En la década de 1920, la Reserva Federal de EE. UU. redujo los tipos de interés y expandió drásticamente la masa monetaria, en más de un 60 % entre 1921 y 1929. Los empresarios se embarcaron en proyectos de inversión para los que, en realidad, no existía capital real. Esto dio lugar a burbujas bursátiles e inmobiliarias, oleadas de especulación y sobreinversión: un auge ilusorio impulsado por el crédito y el papel moneda. Cuando la Reserva Federal comenzó a subir los tipos de interés en 1928 para frenar el sobrecalentamiento, la burbuja estalló. El desplome no fue ninguna sorpresa; fue la consecuencia lógica de un auge creado artificialmente.

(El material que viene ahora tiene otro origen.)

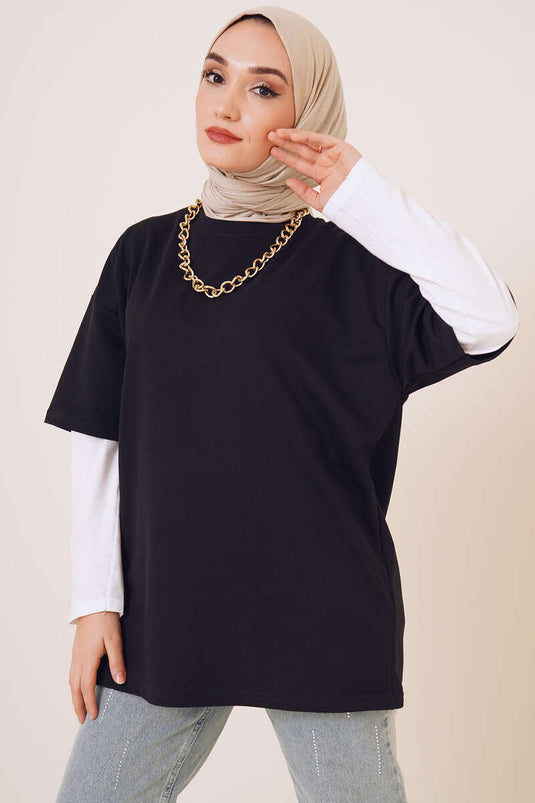 Tshirt Oversize Basique Siyah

Tampoco fue sorprendente que se desatara una crisis económica mundial, que afectó especialmente a Alemania, donde el desempleo se disparó hasta el 30 % en 1931. Tras la Primera Guerra Mundial, Alemania tuvo que pagar cuantiosas reparaciones a Gran Bretaña y Francia. Estos países utilizaron los fondos para saldar sus deudas de guerra con Estados Unidos. Pero el dinero que Alemania empleó para pagar provenía de préstamos estadounidenses, un ciclo que solo podía sostenerse mediante la constante entrada de capitales de EE. UU. Cuando el flujo de crédito se interrumpió en 1929, el sistema colapsó. La Gran Depresión se convirtió así en un fenómeno global: una crisis mundial desencadenada por la política monetaria estadounidense y una espiral de deuda internacional.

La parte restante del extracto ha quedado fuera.